- Exercise aim -
Show only those lines of the entries where the string "view" is found.

Stored items:
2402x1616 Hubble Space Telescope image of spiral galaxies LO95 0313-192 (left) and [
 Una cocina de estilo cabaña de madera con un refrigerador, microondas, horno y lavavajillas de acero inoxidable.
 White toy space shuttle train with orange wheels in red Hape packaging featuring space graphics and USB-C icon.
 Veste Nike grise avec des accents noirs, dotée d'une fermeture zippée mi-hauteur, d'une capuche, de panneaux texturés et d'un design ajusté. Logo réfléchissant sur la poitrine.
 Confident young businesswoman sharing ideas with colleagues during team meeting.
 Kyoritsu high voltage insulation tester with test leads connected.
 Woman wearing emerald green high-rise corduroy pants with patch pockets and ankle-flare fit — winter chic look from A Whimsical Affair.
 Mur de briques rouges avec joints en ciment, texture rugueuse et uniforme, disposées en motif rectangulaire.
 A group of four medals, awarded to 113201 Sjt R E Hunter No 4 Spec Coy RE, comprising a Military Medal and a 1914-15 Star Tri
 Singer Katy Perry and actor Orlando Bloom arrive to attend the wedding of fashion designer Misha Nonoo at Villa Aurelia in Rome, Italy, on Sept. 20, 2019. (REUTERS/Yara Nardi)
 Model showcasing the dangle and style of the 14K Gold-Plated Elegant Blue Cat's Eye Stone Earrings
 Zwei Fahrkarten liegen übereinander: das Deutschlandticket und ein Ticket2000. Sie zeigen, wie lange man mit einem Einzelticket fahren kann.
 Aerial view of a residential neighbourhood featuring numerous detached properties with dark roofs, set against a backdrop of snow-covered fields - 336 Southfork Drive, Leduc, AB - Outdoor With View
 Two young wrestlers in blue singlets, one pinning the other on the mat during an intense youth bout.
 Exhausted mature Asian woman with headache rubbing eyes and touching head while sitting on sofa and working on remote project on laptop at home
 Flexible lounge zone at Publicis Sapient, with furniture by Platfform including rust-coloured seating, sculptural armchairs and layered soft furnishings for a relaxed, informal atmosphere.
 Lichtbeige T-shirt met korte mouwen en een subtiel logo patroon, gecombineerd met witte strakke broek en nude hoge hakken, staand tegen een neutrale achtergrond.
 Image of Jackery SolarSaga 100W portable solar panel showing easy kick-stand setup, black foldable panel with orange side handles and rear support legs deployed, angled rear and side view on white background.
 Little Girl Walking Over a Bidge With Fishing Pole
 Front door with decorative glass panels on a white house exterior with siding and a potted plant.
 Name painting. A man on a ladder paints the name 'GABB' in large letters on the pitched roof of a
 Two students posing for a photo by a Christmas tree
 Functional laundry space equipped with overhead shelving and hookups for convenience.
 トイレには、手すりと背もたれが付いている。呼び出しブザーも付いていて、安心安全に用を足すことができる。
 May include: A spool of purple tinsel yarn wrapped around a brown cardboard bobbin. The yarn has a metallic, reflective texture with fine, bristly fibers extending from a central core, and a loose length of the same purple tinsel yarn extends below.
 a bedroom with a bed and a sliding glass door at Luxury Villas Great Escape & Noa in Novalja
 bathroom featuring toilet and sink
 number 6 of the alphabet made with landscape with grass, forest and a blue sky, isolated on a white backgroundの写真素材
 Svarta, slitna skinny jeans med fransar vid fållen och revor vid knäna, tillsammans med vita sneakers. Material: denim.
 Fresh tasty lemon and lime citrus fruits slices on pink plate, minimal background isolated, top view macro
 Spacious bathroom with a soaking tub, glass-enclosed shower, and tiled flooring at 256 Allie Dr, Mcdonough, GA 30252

- Expected answer -
 Aerial view of a residential neighbourhood featuring numerous detached properties with dark roofs, set against a backdrop of snow-covered fields - 336 Southfork Drive, Leduc, AB - Outdoor With View
 Image of Jackery SolarSaga 100W portable solar panel showing easy kick-stand setup, black foldable panel with orange side handles and rear support legs deployed, angled rear and side view on white background.
 Fresh tasty lemon and lime citrus fruits slices on pink plate, minimal background isolated, top view macro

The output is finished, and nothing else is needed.